■ PROBLEM DESCRIPTION: If a line of the records contains the word "page", list it.

Data excerpts
Start of Block

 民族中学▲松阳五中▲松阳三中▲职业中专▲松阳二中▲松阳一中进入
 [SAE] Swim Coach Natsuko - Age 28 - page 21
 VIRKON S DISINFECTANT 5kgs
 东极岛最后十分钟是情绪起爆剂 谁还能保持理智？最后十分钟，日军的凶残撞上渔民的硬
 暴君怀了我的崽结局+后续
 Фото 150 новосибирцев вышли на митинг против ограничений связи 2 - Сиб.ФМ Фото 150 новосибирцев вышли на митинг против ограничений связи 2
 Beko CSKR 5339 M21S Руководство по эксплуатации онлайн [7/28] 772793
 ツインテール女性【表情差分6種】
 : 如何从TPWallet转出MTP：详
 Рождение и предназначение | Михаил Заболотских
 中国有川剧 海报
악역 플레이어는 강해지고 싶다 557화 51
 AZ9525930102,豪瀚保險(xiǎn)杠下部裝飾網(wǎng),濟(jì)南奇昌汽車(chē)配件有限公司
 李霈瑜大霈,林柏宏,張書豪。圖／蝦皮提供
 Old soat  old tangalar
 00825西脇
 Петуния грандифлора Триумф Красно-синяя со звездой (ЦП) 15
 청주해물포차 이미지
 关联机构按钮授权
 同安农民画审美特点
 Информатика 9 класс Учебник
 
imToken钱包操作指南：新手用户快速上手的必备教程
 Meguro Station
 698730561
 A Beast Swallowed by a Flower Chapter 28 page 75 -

End of Block

■ WRITTEN REPLY:
 [SAE] Swim Coach Natsuko - Age 28 - page 21
 A Beast Swallowed by a Flower Chapter 28 page 75 -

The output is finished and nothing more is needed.